… you have become sick of the Good Music?
"Good Music" = the repertoire which used to give you pleasure, a sense of belonging, or a feeling of unity with the continuum of a particular tradition, culture, movement or moment.
I find myself nearly unable to listen to most Beethoven symphonies, any Brahms at all, the entire Romantic tradition (though honestly, I *never* dug it), Classical Guitar and even a few of the great Bach organ masterpieces. Don't forget most Handel and ALL of the minor Classical composers. La Mer? No longer tolerable - sorry…
I still deeply adore the severe Viennese tradition once it became atonal - Webern, Schoenberg and Berg - and then Stockhausen, Berio, Ligeti, late Copeland, late Stravinsky, Davidovsky, and so on. Most Bach - save the Brandenburgs - is still transcendental for me. And Buxtehude of course! (exclamation IRONIC)
In the region of Rock Music (so called) toleration is much less clear cut. I find the intolerable only by listening to the Radio or by dropping the needle (I wish) on a chestnut and seeing whether or not I feel ill. It's treacherous to listen to 'Album Rock' and drive @ the same time because of the chances that something once tolerable will pop-up and cause a sudden lane change due to leg spasms or involuntary shaking.
If that infantile moron Ted Nugent comes on the radio, I immediately know two things; one, the radio station has had a momentary lapse of quality control and that - curmudgeonly as I am - I was not wrong about his music. The low common denominator of rock. There has to be a nadir in any category and 'the Nuge' occupies the rock caboose. Graceless, utterly bad finger-flopping of the basest kind. No Ted, you're not even fast.

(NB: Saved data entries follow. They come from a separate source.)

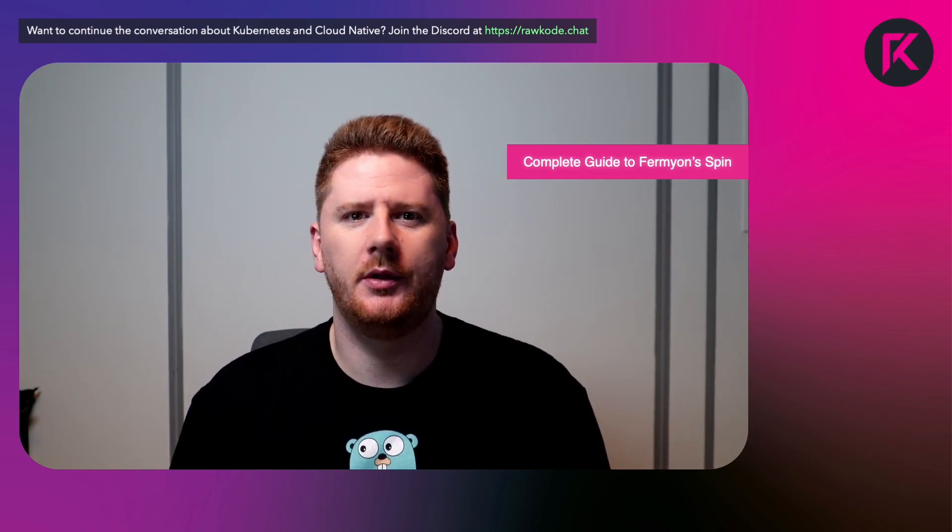Hello and welcome back to the Raw Code Academy. My name is David Flanagan, although you probably know me as Raw Code. And today we're kicking off our new course, The Complete Guide to Fermion Spin.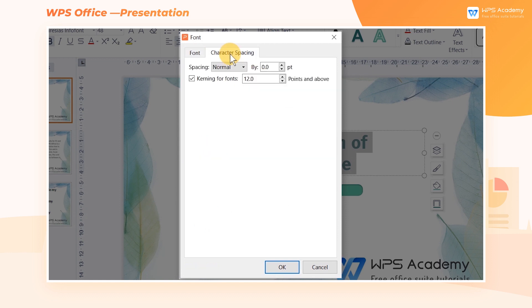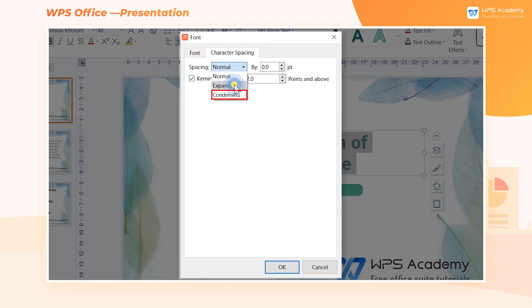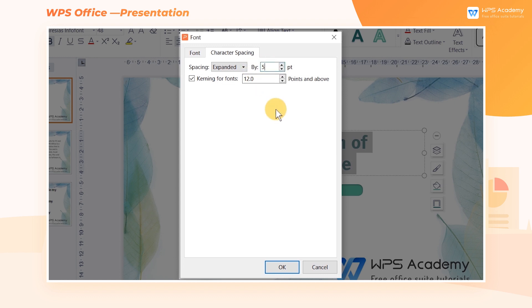The spacing is Normal by default. We can set the character spacing as Expanded or Condensed here. We can also customize the spacing width — for example, Spacing Expanded by 5 points.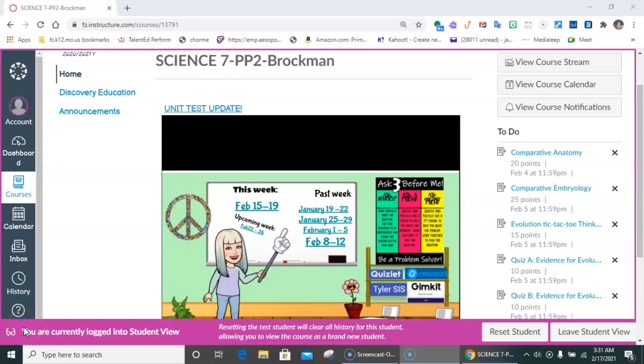Good morning everyone. Today is the 17th of February, Wednesday, and we have another AMI day.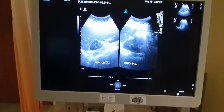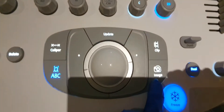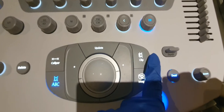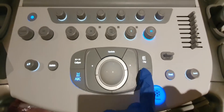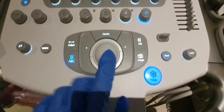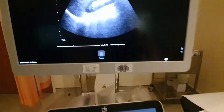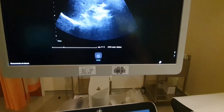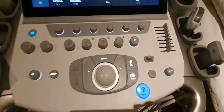If you want to save an image, just press the image button. If you want a video clip, press the clip button — it will capture just a few seconds of footage.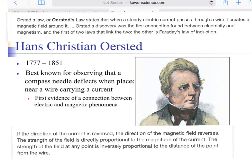The other individual that came up with a connection between these two was Michael Faraday, and Faraday's law is known as the law of induction. Ørsted came up with the first evidence showing a connection between electricity and magnetism, and he is best known for his observations using a compass needle and how it is deflected when placed near a wire carrying a current. His law states that if the direction of the current is reversed, the direction of the magnetic field will reverse.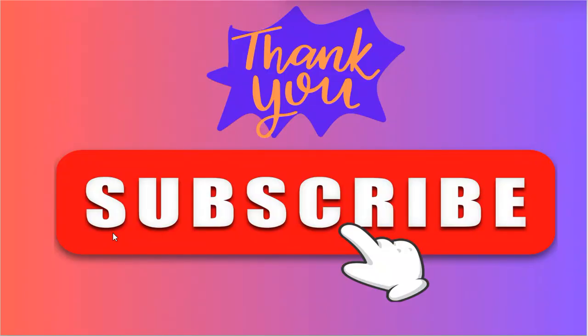So that's it from my side. I hope you like this video. Kindly like, share and comment and do subscribe to my channel. Thank you so much.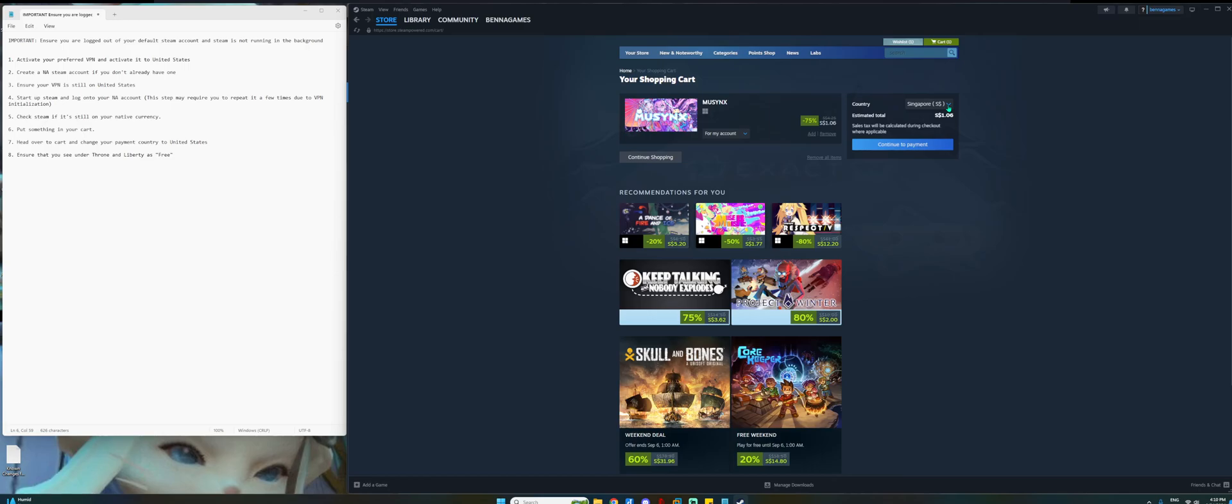If you don't see this drop down, that means your VPN is not connected to United States. So you have to log out entirely, shut down Steam, make sure Steam is not running in the background and then you re-log in. Make sure you see this drop down. So basically you see this drop down, you are almost there, 80% done.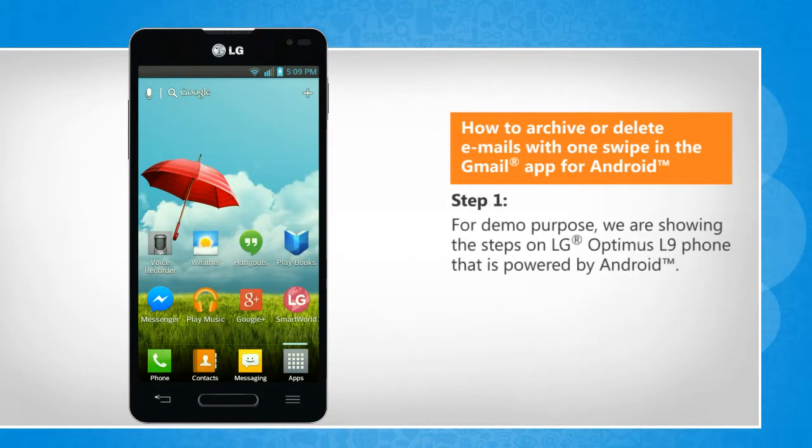For demo purpose, we are showing the steps on LG Optimus L9 phone that is powered by Android.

Sorry about that digression… Casting aspersions @ a player is not my MO. In fact I lament that guitarists seem to have an overactive tendency to belittle other players. Nugent should, by rights, never enter the conversation but when he said that J. Garcia 'couldn't play guitar' I've been in my ghillie suit and laying in wait for his low brow to cross my line of sight.
How do I return to a higher level of discourse after stooping as low as that particular buckskinned bum?
By abruptly changing course; as follows:
I think that when the act of listening to rock music (in particular) is removed from the context and level-of-consciousness in which it was voraciously consumed there is a disconnect (damn! I hate that word) between that music and the contextually removed listener. Or, no longer stoned at all, or, only seldom, a crucial aspect of the connectedness to the music is AWOL. And, sitting with one's significant other who happens NOT to have grown-up in the same era or taste universe, makes listening to Foreigner, or Foghat, or 10cc, or (fill in the blanks) a cringe fest. It's disconcerting to realize that Grace really was out-of-tune often enough when singing live, that it is impossible to cajole anyone into liking the Airplane. I *love* Jefferson Airplane and it pains me that my wife cannot tolerate even a cursory listen. At least she likes David Crosby's "If I Could Only Remember My Name" (1971).